• **PROMPT**: Unless it is a picture, every line from the start of the entries through the line with "smelling old people" must be retyped exactly.

Image-text web data:
════════════════

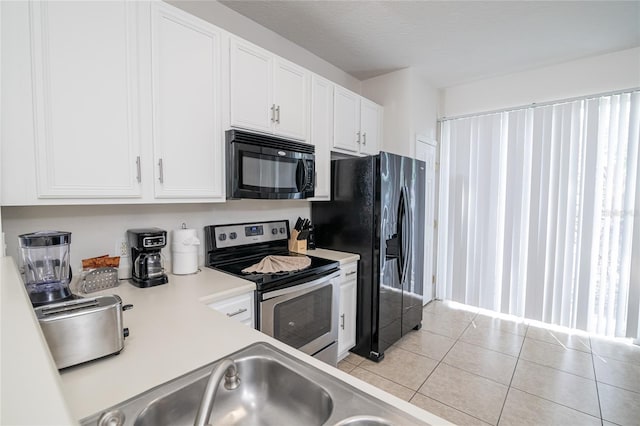 kitchen with white cabinetry, a textured ceiling, black appliances, and light tile patterned floors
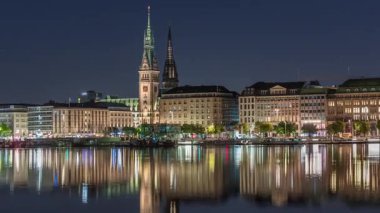 Binnenalster 'in Hamburg, Almanya' daki Belediye Binası ve Nikolai Kilisesi 'ndeki gece programı. Aydınlatılmış tarihi binalar yıldızlı bir gökyüzünün altındaki Alster Gölü sularına yansıyor. Manzaralı şehir manzarası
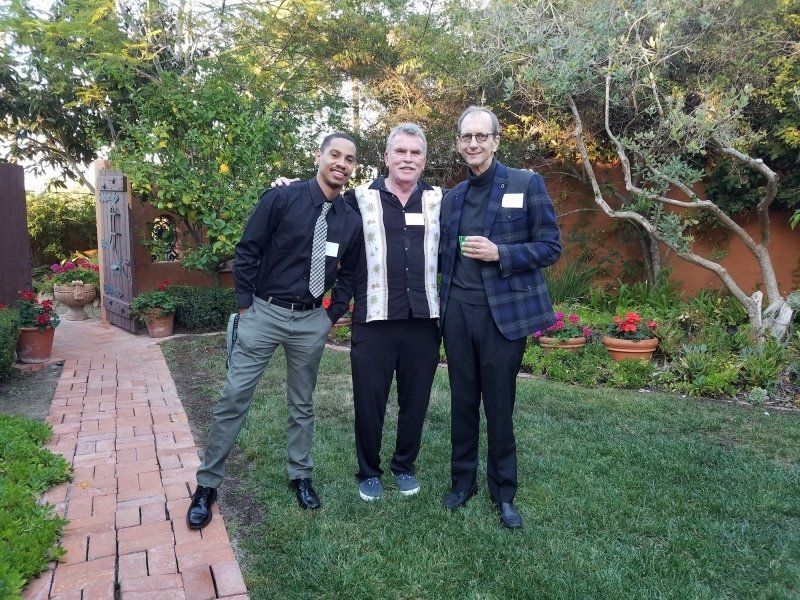 2 guests and Will standing outdoors at party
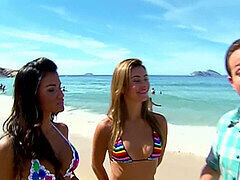 Brazilian bikini babe flaunts her thong on the beach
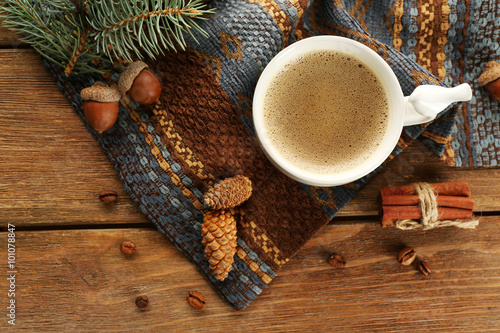 Cup of coffee on a napkin, top view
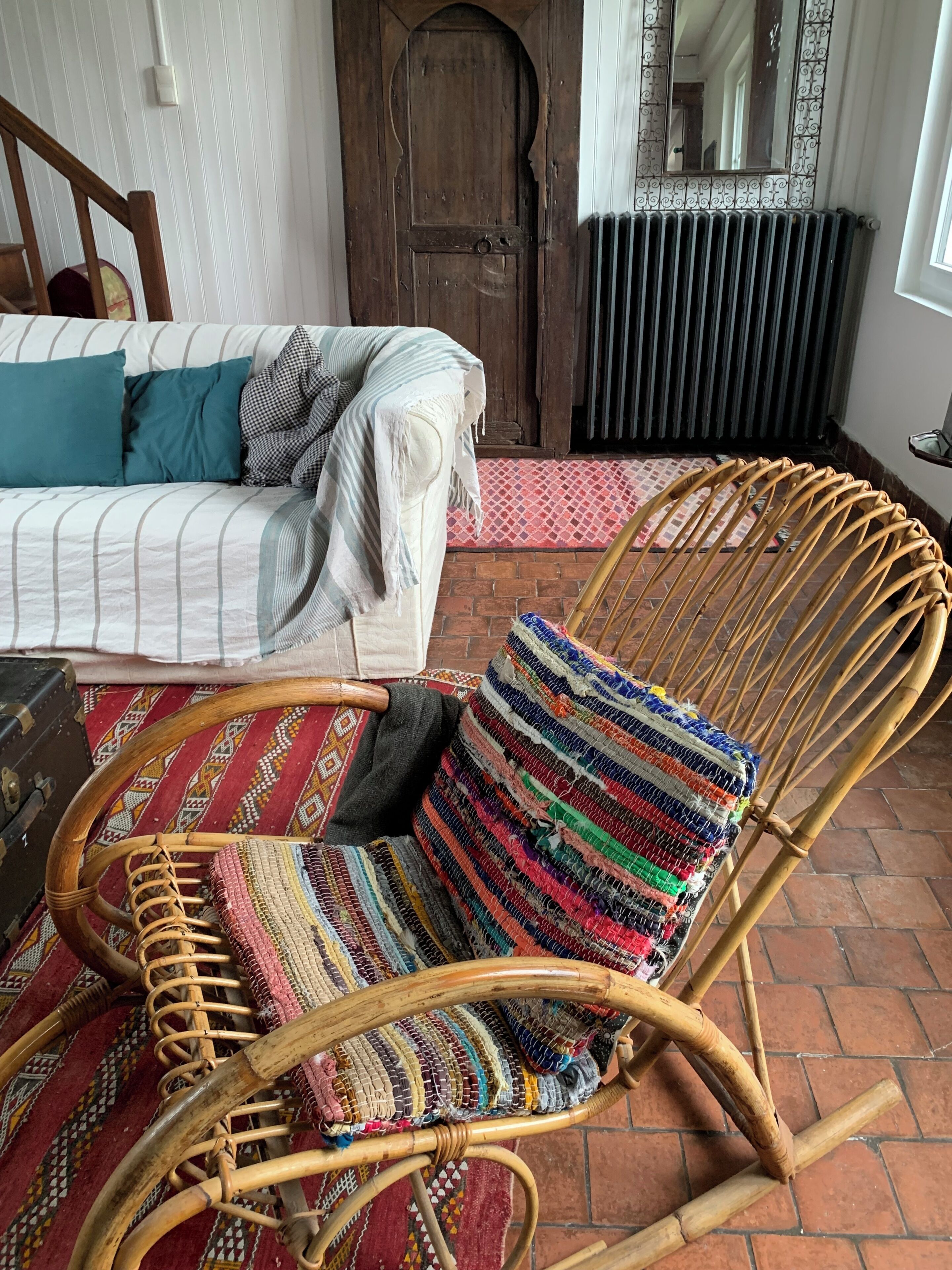 Une chaise en osier avec un coussin coloré à motifs tissés, un canapé à rayures, une porte en bois et un radiateur.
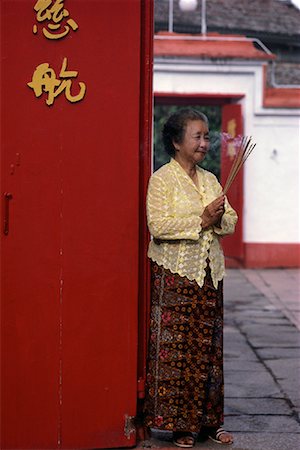 smelling old people - Mature Woman Holding Joss Sticks At Cheng Hoon Teng Temple Malacca, Malaysia Stock Photo - Rights-Managed, Code: 700-00080074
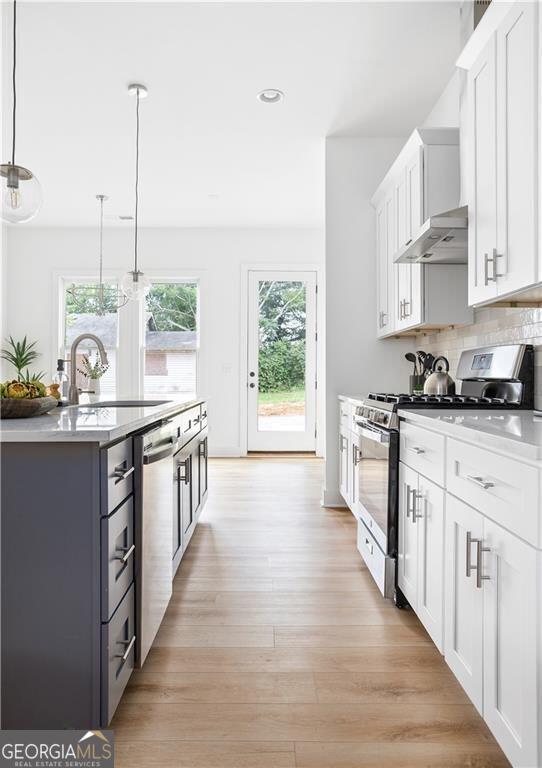 kitchen featuring white cabinetry, light hardwood / wood-style flooring, tasteful backsplash, stainless steel appliances, and pendant lighting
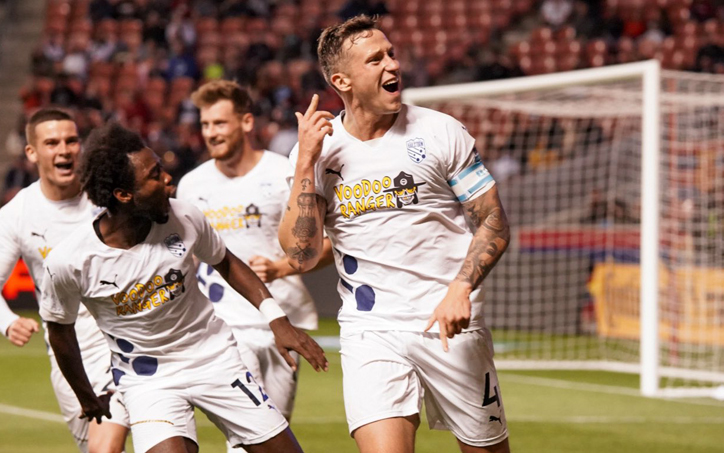 Robert Cornwall of Northern Colorado Hailstorm FC celebrates with his teammates after scoring a goal against Real Salt Lake in the Third Round of the 2022 US Open Cup. Photo: Ashley Potts | Northern Colorado Hailstorm FC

════════════════

• **OUTPUT FOR THIS EXERCISE**:
 kitchen with white cabinetry, a textured ceiling, black appliances, and light tile patterned floors
 Binnenalster 'in Hamburg, Almanya' daki Belediye Binası ve Nikolai Kilisesi 'ndeki gece programı. Aydınlatılmış tarihi binalar yıldızlı bir gökyüzünün altındaki Alster Gölü sularına yansıyor. Manzaralı şehir manzarası
 2 guests and Will standing outdoors at party
 Brazilian bikini babe flaunts her thong on the beach
 Cup of coffee on a napkin, top view
 Une chaise en osier avec un coussin coloré à motifs tissés, un canapé à rayures, une porte en bois et un radiateur.
 smelling old people - Mature Woman Holding Joss Sticks At Cheng Hoon Teng Temple Malacca, Malaysia Stock Photo - Rights-Managed, Code: 700-00080074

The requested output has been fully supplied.